I am trying to re-write some shared-memory CPU code with CUDA, and I got some problems in finding a thread-specific substitute. In other words, I want each CUDA thread to work with some local variables, without interfering with each other.
A toy code I wrote is pasted below, and I got “Bad” results because of race conditions. I do not need the atomic-add, but that works fine. So the question is, how to make sure no other thread wants the same index of the var array?

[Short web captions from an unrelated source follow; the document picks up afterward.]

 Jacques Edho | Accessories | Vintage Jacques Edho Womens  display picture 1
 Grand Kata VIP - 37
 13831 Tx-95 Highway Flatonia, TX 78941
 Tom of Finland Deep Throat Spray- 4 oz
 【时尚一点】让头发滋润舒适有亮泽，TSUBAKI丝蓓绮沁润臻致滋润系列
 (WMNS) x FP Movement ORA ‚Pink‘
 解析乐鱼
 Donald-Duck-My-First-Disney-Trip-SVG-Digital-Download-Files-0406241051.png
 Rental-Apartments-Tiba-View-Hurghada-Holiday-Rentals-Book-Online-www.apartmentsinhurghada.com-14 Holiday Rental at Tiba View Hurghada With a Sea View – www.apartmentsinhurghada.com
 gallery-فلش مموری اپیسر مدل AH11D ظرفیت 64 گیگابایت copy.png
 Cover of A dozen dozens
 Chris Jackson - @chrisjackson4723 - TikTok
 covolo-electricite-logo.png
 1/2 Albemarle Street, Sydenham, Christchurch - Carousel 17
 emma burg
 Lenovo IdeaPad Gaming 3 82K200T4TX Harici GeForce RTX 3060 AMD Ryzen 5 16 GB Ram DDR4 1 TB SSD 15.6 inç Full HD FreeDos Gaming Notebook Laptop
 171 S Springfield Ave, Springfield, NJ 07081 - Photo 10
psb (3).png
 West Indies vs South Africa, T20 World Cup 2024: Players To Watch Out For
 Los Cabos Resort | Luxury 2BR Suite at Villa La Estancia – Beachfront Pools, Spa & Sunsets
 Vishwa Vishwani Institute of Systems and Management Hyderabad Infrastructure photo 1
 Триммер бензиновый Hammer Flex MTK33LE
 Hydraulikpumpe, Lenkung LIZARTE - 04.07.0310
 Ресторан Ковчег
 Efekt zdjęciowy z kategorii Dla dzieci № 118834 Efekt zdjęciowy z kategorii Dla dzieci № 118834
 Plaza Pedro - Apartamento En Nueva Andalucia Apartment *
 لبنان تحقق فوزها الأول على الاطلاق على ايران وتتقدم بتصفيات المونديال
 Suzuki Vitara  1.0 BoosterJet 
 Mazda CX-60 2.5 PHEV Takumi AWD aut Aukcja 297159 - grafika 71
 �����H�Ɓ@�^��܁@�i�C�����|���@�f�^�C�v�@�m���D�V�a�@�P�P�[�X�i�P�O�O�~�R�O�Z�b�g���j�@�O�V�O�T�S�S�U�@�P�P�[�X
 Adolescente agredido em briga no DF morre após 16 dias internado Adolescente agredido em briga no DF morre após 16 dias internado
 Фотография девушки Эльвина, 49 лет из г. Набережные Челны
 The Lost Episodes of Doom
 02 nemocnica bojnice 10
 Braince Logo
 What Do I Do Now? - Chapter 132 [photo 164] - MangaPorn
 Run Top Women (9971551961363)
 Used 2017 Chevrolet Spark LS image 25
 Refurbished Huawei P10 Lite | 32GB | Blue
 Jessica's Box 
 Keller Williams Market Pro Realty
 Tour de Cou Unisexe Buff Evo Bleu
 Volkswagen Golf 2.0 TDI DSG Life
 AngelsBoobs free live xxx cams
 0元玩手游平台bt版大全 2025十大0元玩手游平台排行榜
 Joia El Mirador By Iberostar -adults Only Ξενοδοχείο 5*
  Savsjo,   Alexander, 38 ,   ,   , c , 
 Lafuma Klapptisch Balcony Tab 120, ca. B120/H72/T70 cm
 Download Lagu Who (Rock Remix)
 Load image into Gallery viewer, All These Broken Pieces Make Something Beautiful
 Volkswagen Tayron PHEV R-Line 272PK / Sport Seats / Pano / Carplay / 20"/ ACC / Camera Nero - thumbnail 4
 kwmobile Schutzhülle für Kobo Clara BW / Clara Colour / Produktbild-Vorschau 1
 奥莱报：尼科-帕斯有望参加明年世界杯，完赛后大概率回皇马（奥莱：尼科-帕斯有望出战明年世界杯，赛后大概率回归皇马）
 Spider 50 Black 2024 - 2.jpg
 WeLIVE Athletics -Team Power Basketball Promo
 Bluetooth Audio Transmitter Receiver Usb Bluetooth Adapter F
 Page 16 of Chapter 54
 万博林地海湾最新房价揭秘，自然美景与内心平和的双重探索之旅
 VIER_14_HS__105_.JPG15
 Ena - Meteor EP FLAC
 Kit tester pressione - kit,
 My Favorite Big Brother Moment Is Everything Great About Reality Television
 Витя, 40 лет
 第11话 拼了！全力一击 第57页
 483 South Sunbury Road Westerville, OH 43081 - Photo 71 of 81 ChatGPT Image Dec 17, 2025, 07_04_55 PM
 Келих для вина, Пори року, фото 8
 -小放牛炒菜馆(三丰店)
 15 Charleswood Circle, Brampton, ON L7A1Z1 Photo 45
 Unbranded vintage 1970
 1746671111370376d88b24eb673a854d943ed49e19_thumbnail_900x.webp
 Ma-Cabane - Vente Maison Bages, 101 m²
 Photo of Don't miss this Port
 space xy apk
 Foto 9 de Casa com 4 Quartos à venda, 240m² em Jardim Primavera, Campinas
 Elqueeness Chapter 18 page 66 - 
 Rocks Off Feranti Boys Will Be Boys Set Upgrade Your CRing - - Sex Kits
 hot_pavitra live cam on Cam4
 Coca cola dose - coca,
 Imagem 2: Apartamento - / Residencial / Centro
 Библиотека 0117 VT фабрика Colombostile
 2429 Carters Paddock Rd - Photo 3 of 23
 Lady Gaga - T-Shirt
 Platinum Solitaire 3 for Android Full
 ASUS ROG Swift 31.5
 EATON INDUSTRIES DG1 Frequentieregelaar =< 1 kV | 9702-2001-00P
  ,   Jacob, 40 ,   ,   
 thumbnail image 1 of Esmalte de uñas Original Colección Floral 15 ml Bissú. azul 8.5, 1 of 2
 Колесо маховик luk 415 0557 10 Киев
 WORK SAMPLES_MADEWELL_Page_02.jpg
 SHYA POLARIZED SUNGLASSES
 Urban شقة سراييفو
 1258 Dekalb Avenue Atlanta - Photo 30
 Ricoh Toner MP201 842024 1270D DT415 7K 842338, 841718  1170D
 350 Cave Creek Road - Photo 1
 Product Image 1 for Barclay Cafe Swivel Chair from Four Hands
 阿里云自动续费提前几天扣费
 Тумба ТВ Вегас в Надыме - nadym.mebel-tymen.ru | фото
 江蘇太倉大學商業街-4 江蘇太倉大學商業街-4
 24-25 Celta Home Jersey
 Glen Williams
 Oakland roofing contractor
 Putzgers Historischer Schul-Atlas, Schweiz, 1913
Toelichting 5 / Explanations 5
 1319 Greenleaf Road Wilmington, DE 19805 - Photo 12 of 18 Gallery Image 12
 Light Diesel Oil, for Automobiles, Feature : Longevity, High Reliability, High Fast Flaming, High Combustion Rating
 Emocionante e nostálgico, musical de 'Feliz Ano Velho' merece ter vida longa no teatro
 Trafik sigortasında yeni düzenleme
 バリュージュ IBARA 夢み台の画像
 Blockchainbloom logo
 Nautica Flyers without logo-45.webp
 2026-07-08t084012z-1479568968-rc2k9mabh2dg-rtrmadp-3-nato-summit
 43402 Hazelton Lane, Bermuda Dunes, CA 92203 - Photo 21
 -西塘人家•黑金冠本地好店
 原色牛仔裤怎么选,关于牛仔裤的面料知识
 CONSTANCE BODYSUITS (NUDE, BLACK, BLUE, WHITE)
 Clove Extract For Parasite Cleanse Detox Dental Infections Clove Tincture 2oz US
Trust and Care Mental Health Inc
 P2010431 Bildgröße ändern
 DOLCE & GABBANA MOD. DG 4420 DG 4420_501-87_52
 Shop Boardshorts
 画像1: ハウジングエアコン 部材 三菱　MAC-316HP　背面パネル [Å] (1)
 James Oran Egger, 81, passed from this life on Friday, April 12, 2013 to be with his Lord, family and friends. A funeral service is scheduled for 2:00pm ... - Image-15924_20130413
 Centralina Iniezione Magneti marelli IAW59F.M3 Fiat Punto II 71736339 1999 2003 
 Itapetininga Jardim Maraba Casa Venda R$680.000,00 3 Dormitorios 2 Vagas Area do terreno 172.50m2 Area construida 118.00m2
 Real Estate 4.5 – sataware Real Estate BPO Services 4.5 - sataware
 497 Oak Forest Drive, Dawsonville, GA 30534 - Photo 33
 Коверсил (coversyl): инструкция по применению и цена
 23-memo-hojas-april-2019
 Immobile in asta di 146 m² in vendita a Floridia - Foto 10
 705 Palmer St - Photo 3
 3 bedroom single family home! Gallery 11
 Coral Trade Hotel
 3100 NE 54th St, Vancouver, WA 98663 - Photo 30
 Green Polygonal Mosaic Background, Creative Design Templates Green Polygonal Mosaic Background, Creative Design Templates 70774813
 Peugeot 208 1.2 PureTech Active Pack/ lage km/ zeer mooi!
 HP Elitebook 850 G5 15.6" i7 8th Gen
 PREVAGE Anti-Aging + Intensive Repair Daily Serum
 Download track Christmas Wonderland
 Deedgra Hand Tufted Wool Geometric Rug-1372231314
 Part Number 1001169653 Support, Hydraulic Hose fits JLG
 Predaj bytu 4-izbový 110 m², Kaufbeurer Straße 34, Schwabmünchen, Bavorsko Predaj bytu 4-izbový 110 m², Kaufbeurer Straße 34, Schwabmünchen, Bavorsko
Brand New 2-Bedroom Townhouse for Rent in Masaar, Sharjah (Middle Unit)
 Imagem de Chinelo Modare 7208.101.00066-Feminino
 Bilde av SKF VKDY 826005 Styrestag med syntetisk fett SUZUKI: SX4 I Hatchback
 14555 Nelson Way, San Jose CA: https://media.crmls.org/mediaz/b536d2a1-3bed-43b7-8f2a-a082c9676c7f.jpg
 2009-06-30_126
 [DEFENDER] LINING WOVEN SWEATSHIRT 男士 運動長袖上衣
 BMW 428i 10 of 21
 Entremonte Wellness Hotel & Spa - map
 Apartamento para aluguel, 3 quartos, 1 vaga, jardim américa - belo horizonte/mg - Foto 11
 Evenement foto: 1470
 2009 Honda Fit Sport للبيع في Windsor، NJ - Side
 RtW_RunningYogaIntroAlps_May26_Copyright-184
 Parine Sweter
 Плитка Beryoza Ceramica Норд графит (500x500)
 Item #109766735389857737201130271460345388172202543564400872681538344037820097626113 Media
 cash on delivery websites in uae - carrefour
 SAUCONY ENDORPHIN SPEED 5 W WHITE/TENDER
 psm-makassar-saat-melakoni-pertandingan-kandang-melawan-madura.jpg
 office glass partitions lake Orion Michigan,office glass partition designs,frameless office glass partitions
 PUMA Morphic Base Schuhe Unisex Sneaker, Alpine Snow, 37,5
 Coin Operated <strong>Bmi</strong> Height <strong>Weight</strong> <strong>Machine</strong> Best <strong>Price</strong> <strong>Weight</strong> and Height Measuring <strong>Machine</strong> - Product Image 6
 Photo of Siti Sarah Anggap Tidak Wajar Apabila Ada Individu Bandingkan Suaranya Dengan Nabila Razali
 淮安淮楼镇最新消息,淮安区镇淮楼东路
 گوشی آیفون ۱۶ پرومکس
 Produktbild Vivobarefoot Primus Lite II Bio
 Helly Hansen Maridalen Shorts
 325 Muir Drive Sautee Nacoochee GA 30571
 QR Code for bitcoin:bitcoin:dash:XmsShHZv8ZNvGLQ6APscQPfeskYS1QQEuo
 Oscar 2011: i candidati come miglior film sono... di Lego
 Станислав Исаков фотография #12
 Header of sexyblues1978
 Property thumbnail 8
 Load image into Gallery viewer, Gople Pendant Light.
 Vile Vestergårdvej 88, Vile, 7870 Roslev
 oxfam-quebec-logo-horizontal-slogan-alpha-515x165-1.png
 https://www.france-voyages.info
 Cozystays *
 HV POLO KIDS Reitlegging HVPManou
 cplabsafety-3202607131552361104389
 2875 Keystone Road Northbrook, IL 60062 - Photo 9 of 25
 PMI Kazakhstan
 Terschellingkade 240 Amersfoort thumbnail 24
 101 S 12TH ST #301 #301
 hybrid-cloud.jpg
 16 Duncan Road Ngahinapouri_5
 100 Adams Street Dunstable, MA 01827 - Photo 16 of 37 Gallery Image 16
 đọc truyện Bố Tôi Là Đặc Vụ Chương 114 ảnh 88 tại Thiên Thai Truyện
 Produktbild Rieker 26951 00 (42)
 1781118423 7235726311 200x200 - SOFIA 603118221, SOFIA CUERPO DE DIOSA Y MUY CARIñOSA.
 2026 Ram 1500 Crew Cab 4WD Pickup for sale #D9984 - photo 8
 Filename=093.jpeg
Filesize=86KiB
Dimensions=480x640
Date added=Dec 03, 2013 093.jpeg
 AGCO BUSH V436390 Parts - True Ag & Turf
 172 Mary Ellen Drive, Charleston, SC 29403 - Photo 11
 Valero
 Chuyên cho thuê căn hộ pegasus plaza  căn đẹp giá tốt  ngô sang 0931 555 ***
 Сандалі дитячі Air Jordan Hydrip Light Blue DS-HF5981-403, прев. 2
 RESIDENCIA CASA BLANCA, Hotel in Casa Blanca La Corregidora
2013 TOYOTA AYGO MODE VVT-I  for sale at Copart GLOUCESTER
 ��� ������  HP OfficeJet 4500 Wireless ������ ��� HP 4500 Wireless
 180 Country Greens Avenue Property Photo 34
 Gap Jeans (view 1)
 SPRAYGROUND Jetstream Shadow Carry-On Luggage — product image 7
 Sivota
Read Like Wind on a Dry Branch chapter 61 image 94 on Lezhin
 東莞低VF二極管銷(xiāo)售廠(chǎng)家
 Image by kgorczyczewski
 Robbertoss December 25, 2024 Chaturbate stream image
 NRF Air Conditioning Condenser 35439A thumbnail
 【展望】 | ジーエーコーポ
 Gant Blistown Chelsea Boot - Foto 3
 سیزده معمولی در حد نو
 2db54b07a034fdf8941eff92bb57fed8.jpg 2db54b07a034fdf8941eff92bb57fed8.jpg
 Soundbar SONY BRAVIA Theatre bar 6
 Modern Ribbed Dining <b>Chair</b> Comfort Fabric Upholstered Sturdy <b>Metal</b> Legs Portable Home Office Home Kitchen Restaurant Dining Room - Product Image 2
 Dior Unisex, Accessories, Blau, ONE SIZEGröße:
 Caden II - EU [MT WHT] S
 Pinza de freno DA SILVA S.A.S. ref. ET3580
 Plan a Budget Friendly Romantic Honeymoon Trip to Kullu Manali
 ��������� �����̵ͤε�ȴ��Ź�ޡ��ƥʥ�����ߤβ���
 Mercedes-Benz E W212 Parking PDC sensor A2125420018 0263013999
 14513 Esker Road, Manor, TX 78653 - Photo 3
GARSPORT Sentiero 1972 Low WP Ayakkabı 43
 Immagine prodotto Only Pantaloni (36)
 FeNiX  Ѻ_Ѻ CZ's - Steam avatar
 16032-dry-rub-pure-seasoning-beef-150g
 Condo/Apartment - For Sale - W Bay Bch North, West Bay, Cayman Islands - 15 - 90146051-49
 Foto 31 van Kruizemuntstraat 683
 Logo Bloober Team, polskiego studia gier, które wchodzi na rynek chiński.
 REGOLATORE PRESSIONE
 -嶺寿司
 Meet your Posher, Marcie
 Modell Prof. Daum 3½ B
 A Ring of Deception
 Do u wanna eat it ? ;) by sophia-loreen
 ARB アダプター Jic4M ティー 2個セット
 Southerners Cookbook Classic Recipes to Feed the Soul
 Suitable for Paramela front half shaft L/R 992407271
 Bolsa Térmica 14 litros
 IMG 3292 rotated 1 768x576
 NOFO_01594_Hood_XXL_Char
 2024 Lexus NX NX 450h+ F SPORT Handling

__global__ void thread_local_var_test_kernal1(int** worker_array, int* var, int size)
{
const int
blockId = blockIdx.y * gridDim.x + blockIdx.x,
idx = blockId * blockDim.x + threadIdx.x;
if (idx < size)
{
int* worker = worker_array[threadIdx.x]; // <------- I want worker array to work without race-condition
var[threadIdx.x]++; // race condition
//atomicAdd(&var[threadIdx.x], 1); // OK
}
}
static void thread_local_var_test_kernal_test1(int size)
{
int threadsPerBlock = block_dim;
int blocksPerGrid = (size + threadsPerBlock - 1) / threadsPerBlock;
int* dev_var = 0;
cudaMalloc(&dev_var, threadsPerBlock * sizeof(int));
cudaMemset(dev_var, 0, threadsPerBlock * sizeof(int));
int** dev_worker_array = 0;
cudaMalloc(&dev_worker_array, threadsPerBlock * sizeof(int*));
thread_local_var_test_kernal1 <<<blocksPerGrid, threadsPerBlock>>>(dev_worker_array, dev_var, size);
cudaDeviceSynchronize();
printf("================================ CUDA kernal is completed ================================\n");
int* host_var = (int*)malloc(threadsPerBlock * sizeof(int));
cudaMemcpy(host_var, dev_var, threadsPerBlock * sizeof(int), cudaMemcpyDeviceToHost);
cudaFree(dev_var);
int sum_var = 0;
for (int i = 0; i < threadsPerBlock; i++)
{
printf("%d, ", host_var[i]);
sum_var += host_var[i];
}
printf("CUDA sum = %d (%d is expected).\n", sum_var, size);
(sum_var == size) ? printf("Good.\n") : printf("Bad.\n");
free(host_var);
}